Zeker was dat hij nog nooit een westerling had geportretteerd, iets dat hij graag eens zou doen. Hij vroeg me of ik daartoe een tijdje wilde poseren. Ik deed het en hij schonk me in ruil een schilderij van een Oeigoer. Sindsdien zwerven er door het verre Xinjiang mogelijk nog een aantal beeltenissen van mij in het rond en hangt er een Oeigoer bij mij aan de muur.

Oeigoer.M

Ik schreef destijds een artikel over mijn Oeigoerse ervaringen in het tijdschrift OnzeWereld.
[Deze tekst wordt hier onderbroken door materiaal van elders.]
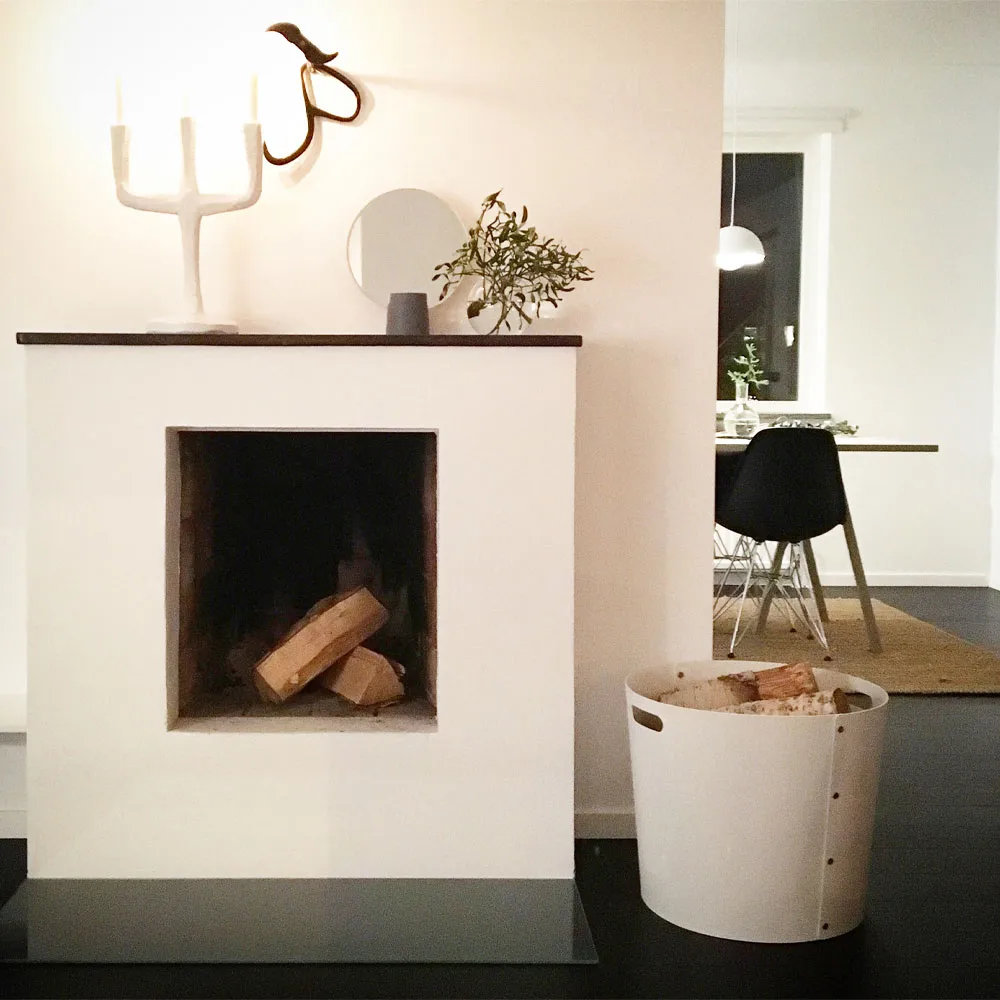 Cesta Silo, Antracita SMD Design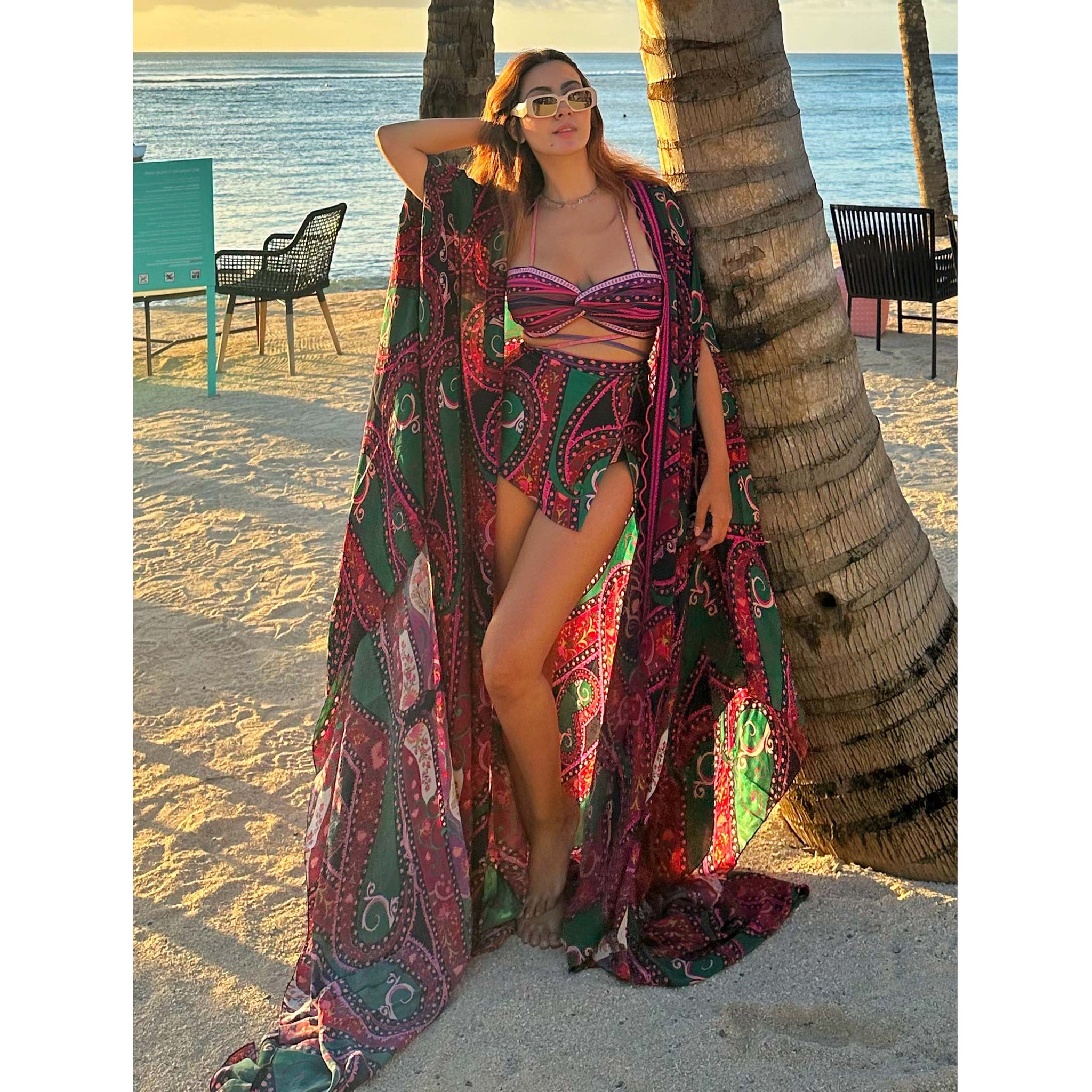 Alessia Bikini Skirt Set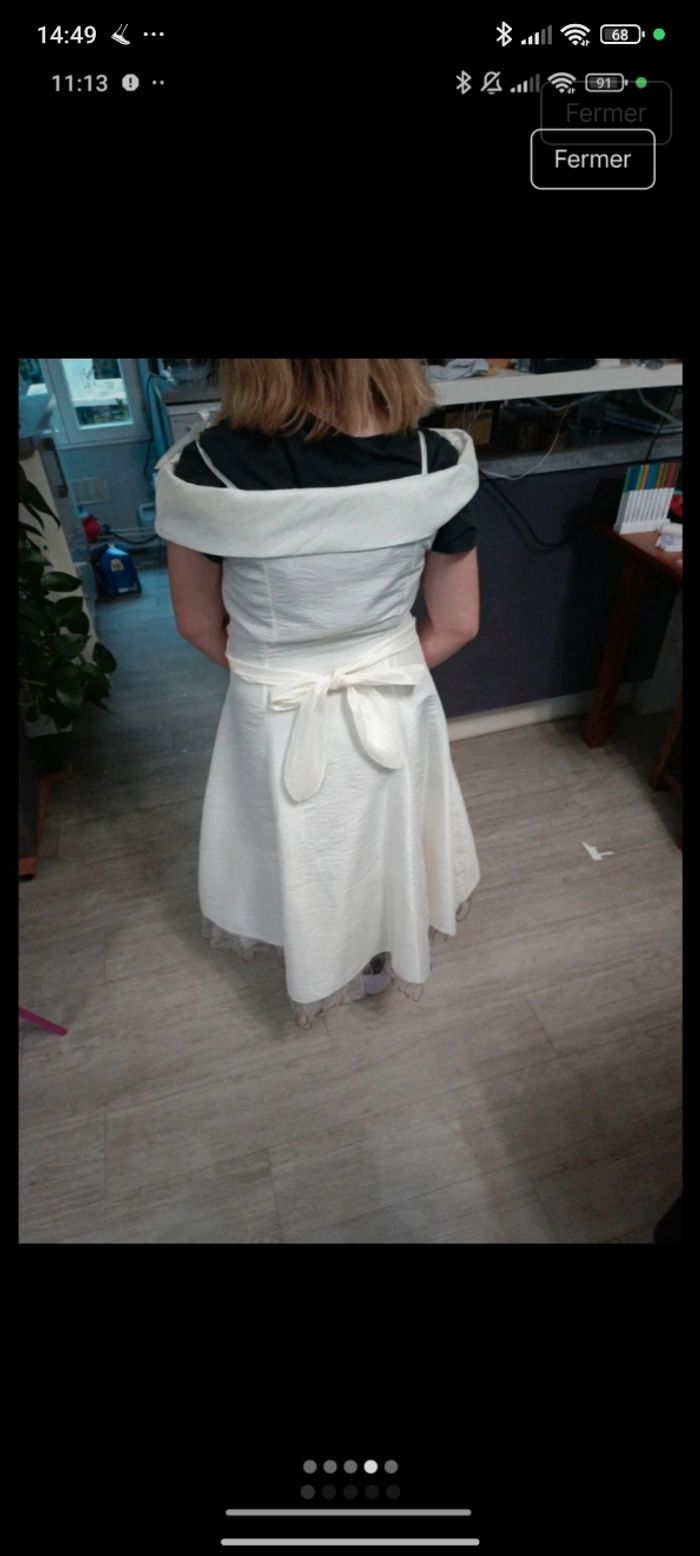 Robe de cérémonie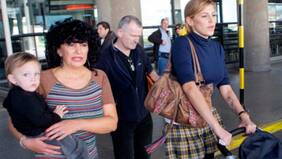 Madre de Wilma González: "(Gonzalo Egas) Es una mala persona, se lavó la cara con mi nieto". Wilma: "Siempre he agradecido a Gonzalo que me ha ayudado a criar a Noah, siempre lo he valorado como su papá..."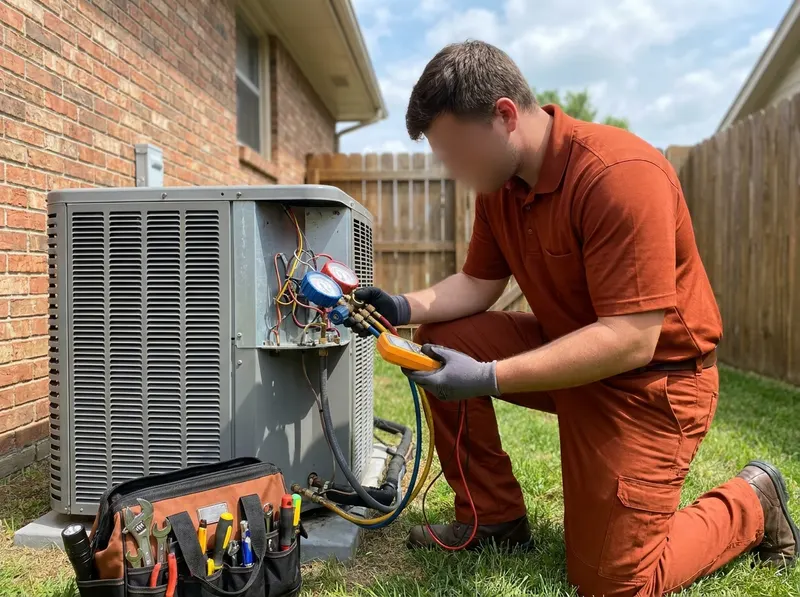 Seasonal HVAC Tune-Up and Inspection in Kansas City, MO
Tijden veranderen. Inmiddels heet het blad OneWorld Magazine, maar de wereld is nog steeds dezelfde.
Ook China is in zekere zin niet veranderd. De overheid is er altijd al goed geweest in het controleren van de burgers. Zo rapporteerden op het Taleninstituut en de universiteitscampus waar ik woonde alle portiers standaard aan de Staatsveiligheidsdient. Hetzelfde gold voor Chinese studenten die met buitenlanders een kamer deelden. Tijdens de Culturele Revolutie oefende een Chinese vriend zijn Engels thuis in een kast, uit angst voor verklikkende buren. Enzovoort.
Niets nieuws onder de zon dus, in principe. Maar wel in de praktijk. Moderne technologie biedt Big Brotherstaten ongekende mogelijkheden om de controle vrijwel absoluut te maken. In China zijn op dat gebied in het algemeen al grote stappen gezet, maar nergens gaat het zo ver als in Xinjiang.

In de tijd dat ik die verre uithoek van het land bezocht, was de situatie nog rustig. Zeker, ook toen was de politiek al gaande om de getalsverhouding tussen de lokale Oeigoerse bevolking en ‘echte’ Han-Chinezen geforceerd te beïnvloeden. Miljoenen Han-Chinezen verhuisden verplicht van oost naar west, met gelukzoekers in hun kielzog. Dat was op zich al een recept voor spanningen en daar kwamen religieuze oprispingen nog eens bij. Oeigoeren zijn islamieten en de Chinese overheid wantrouwt elke religie per definitie.
In de loop der jaren ontstonden er rellen en werden er enkele aanslagen gepleegd, waaronder een tweetal geruchtmakende buiten de regio. Daarop werd in Beijing besloten Xinjiang grondig te pacificeren. Lees: te onderdrukken.
Hoe ver dat gaat, oude en nieuwe methoden combinerend, werd onlangs gerapporteerd in het tijdschrift The Economist. Hierbij een greep inzake de maatregelen waaraan de Oeigoeren heden ten dage worden onderworpen.

– Honderdduizenden zijn opgesloten in ‘heropvoedingskampen’.
– Extreem veel politiebureau’s en politiesteunpunten.
– Extreem veel checkpoints. Daarbij onder meer: irisherkenning/-registratie, afgeven smartphone + wachtwoord, compleet uitlezen ervan.
– Huis-aan-huisonderzoeken door informatieteams.
– Massaal koppelen van Oeigoerse families aan officiële (doorgaans Han) mentoren/rapporteurs, die periodiek ook komen inwonen.
– Extreem veel camera’s, vele met kenteken- en gezichtsherkenning, dag en nacht.
– Monitoren van (afwijkend) electriciteitsverbruik.
– Controle van al het Wifi-verkeer op publieke plaatsen.
– Verplichte installatie spyware op alle telefoons.


De hamvraag: dooft Big Brother door deze verstikkingstactiek iedere onrust uit, of bouwt hij ermee een kunstmatige Vesuvius?